The U.S. Trustee Program has announced its proposals requiring extensive disclosure about law firm fee requests would apply only to very large Chapter 11 bankruptcies.
In narrowing the scope of cases to those with $50 million or more in assets and $50 million or more in liabilities as opposed to cases with a combined $50 million in assets and liabilities, the agency was responding to intense criticism from firms calling “burdensome” and “ethically unacceptable” the agency’s new recommendations for attorney fee applications.
The trustee program modified proposals for disclosure of rates in nonbankruptcy practices and said it would continue to seek budgets and staffing plans either by consent of the parties or court order.
Unchanged from the originally proposed guidelines, firms would still have to submit in their fee applications the number of rate increases since the inception of the case and disclose the effect of any rate increases on the total compensation a firm is seeking.
Disclosure guidelines were proposed a year ago to address what the agency regarded as soaring attorney fees. In an era of $1,000-an-hour rates, it contended large fees are undermining public confidence in the bankruptcy process.
The disclosure guidelines are meant to elicit information that will help parties determine whether a fee application is reasonable, the agency said.
The latest proposals were released Nov. 2 and are open to public comment until Nov. 23. U.S. Trustee Program Director Clifford White said the new disclosure guidelines, which would take effect in mid-2013, would apply in about 180 Chapter 11 cases a year, with about half of those filed in Delaware and the Southern District of New York.
Reaction from attorneys to the updated proposal has been mixed.
Ropes & Gray bankruptcy partner Mark Bane said the revised guidelines are an improvement, but he said they “still impose significant administrative burdens on law firms.” He added there is a need for greater supervision of the fee process, but “the question is whether there can be some middle ground.”
Real Estate Exception
Some significant updates to the proposed rules include the exclusion of single asset real estate cases, an exception not specified in the original guidelines.
The proposal also eliminates a requirement that firms disclose high, average and low rates and rates billed by other practices within the firm. That has been replaced by a disclosure of group blended rates and blended rates for nonbankruptcy matters based on time billed or revenue collected.
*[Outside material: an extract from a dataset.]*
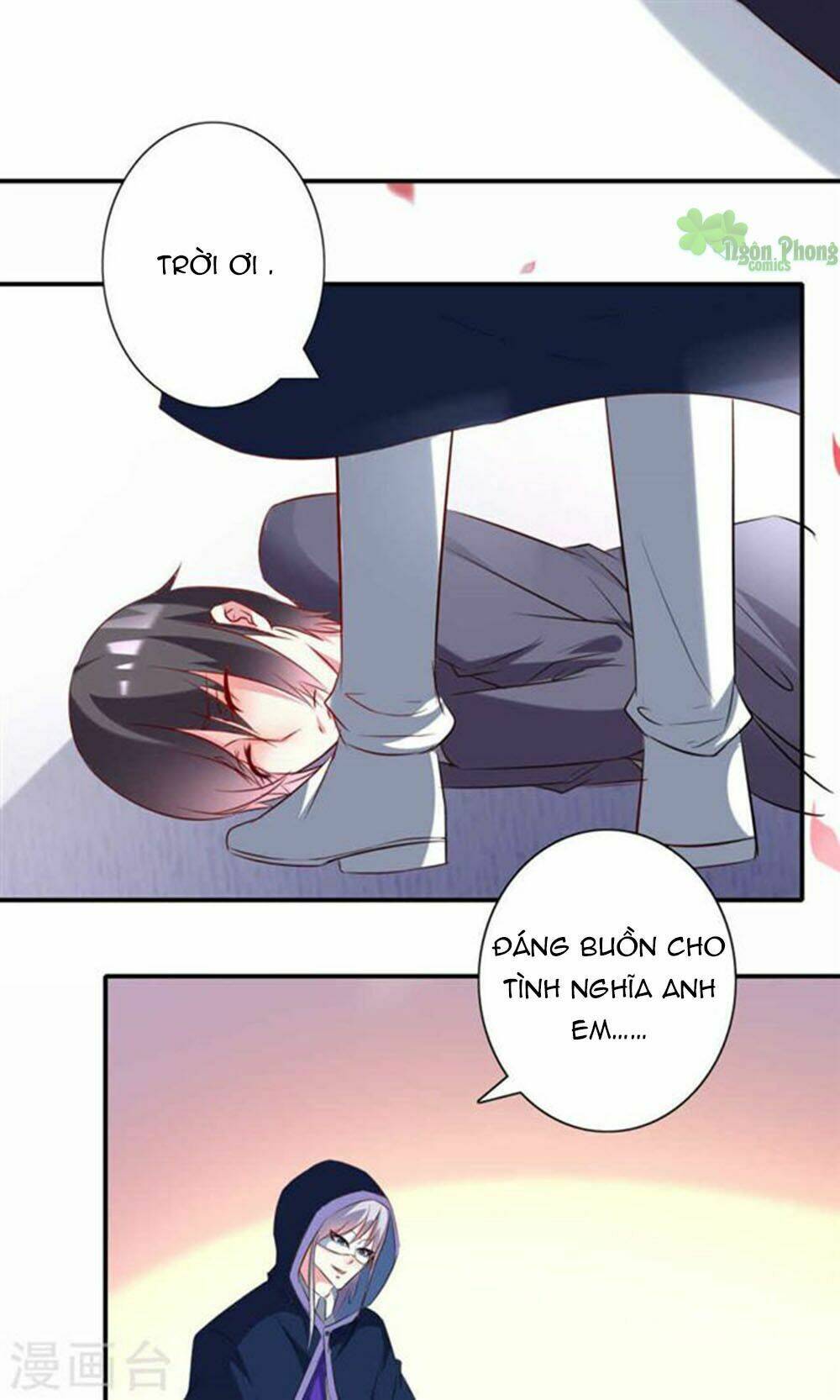 nguyệt dạ hương vi lai chapter 55 25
The comparative rate proposal is likely to draw more criticism.
“Law firms have different areas of practice in which the market forces are different,” said Richard Levine of Nelson Kinder + Mosseau in Boston and a former head of the U.S. Trustee Program.
He cited differences in rates for workers’ compensation, insurance defense and estate planning. No matter the size of a law firm, “I would still find this to be oppressive,” he said. However, he added the updated guidelines still reflected some “careful listening” from the agency.
Budget and staffing plans would be used only by consent of the parties or a court order, and would not be mandatory.
If the parties do not consent, the agency said the U.S. trustee generally would move for the court to require budgets of estate-paid attorneys in larger Chapter 11 cases.
“The concern about the alleged unpredictability of bankruptcy engagements in particular is overstated,” the agency said.
The agency is encouraging the use of co-counsel for better staffing and fee efficiency.
“These arrangements include using less expensive co-counsel for certain routine, commoditized or discrete matters to avoid duplication, overlap and inefficiencies,” it said.
A new question on fee applications would ask: “Did your client agree when retaining the law firm to accept all future rate increases? If not, did you inform your client that they need not agree to modified rates or terms in order to have you continue the representation, consistent with ABA Formal Ethics Opinion 11-458.”
Clients also would have to provide a statement with information on the number of firms the client interviewed and steps the client took to ensure the firm is billing at market rates.
‘Nickels and Dimes’
The updated guidelines are an improvement from the original proposals, said law professor Stephen Lubben of Seton Hall University, an expert in corporate restructuring. But he added he still had concerns.
“They may have a tendency to push fee and retention applications to be very long, boilerplate documents,” longer that they are now, he said.
Some of the new disclosure rules “sweat the small details” instead of looking at the big picture, which would include the number and types of firms retained and why some firms are brought on. He said that’s more important than worrying about word processor time.
Pointing to more than $1.6 billion paid to professionals in the Lehman Brothers bankruptcy, Shearman & Sterling bankruptcy partner Douglas Bartner said large fees should be addressed, but the guidelines will have only a “nickels and dimes” effect. Instead, more thought should be given to making the bankruptcy process and its rules more efficient, he said.
Nancy Rapoport, a fee examiner in bankruptcy cases and interim law dean at the University of Nevada said the guidelines go in the right direction.
“If these big law firms [work on] a ton of bankruptcies, they have at least a guesstimate of how much things are going to cost,” she said. If circumstances change, “they should change their guesstimate.”
White, director of the U.S. Trustee Program, said in a statement, “The updated proposed guidelines will add needed accountability and transparency to the billing practices of bankruptcy lawyers who seek payment of fees and expenses from large Chapter 11 bankruptcy estates.”